The model weights are not tied. Please use the `tie_weights` method before using the `infer_auto_device` function.


Loading checkpoint shards:   0%|          | 0/2 [00:00<?, ?it/s]

In [8]:
dic = {
        0:"negative",
        1:'neutral',
        2:'positive',
    }

def format_example(example: dict) -> dict:
    context = f"Instruction: {example['instruction']}\n"
    if example.get("input"):
        context += f"Input: {example['input']}\n"
    context += "Answer: "
    target = example["output"]
    return {"context": context, "target": target}

def change_target(x):
    if 'positive' in x or 'Positive' in x:
        return 'positive'
    elif 'negative' in x or 'Negative' in x:
        return 'negative'
    else:
        return 'neutral'

def test_fpb(model, tokenizer, batch_size = 8, prompt_fun = None ):
    instructions = load_dataset("financial_phrasebank", "sentences_50agree")
    instructions = instructions["train"]
    instructions = instructions.train_test_split(seed = 42)['test']
    instructions = instructions.to_pandas()
    instructions.columns = ["input", "output"]
    instructions["output"] = instructions["output"].apply(lambda x:dic[x])

    if prompt_fun is None:
        instructions["instruction"] = "What is the sentiment of this news? Please choose an answer from {negative/neutral/positive}."
    else:
        instructions["instruction"] = instructions.apply(prompt_fun, axis = 1)
    
    instructions[["context","target"]] = instructions.apply(format_example, axis = 1, result_type="expand")

    # print example
    print(f"\n\nPrompt example:\n{instructions['context'][0]}\n\n")

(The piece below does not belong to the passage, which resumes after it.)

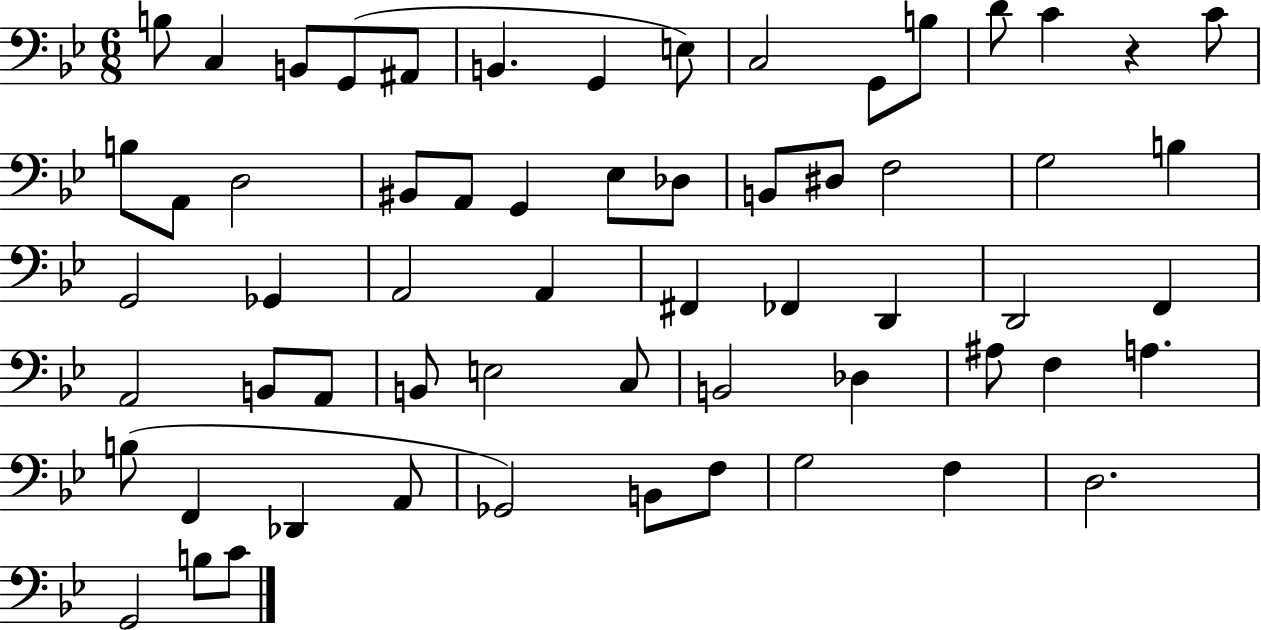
B3/e C3/q B2/e G2/e A#2/e B2/q. G2/q E3/e C3/h G2/e B3/e D4/e C4/q R/q C4/e B3/e A2/e D3/h BIS2/e A2/e G2/q Eb3/e Db3/e B2/e D#3/e F3/h G3/h B3/q G2/h Gb2/q A2/h A2/q F#2/q FES2/q D2/q D2/h F2/q A2/h B2/e A2/e B2/e E3/h C3/e B2/h Db3/q A#3/e F3/q A3/q. B3/e F2/q Db2/q A2/e Gb2/h B2/e F3/e G3/h F3/q D3/h. G2/h B3/e C4/e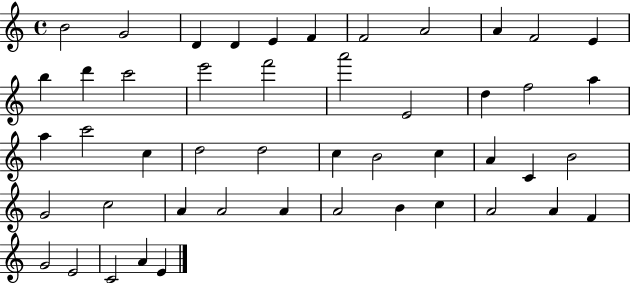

    context = instructions['context'].tolist()
    
    total_steps = instructions.shape[0]//batch_size + 1
    print(f"Total len: {len(context)}. Batchsize: {batch_size}. Total steps: {total_steps}")


    out_text_list = []
    for i in tqdm(range(total_steps)):
        tmp_context = context[i* batch_size:(i+1)* batch_size]
        tokens = tokenizer(tmp_context, return_tensors='pt', padding=True, max_length=512)
        for k in tokens.keys():
            tokens[k] = tokens[k].cuda()
        res = model.generate(**tokens, max_length=512)
        res_sentences = [tokenizer.decode(i) for i in res]
        out_text = [o.split("Answer: ")[1] for o in res_sentences]
        out_text_list += out_text
        torch.cuda.empty_cache()

    instructions["out_text"] = out_text_list
    instructions["new_target"] = instructions["target"].apply(change_target)
    instructions["new_out"] = instructions["out_text"].apply(change_target)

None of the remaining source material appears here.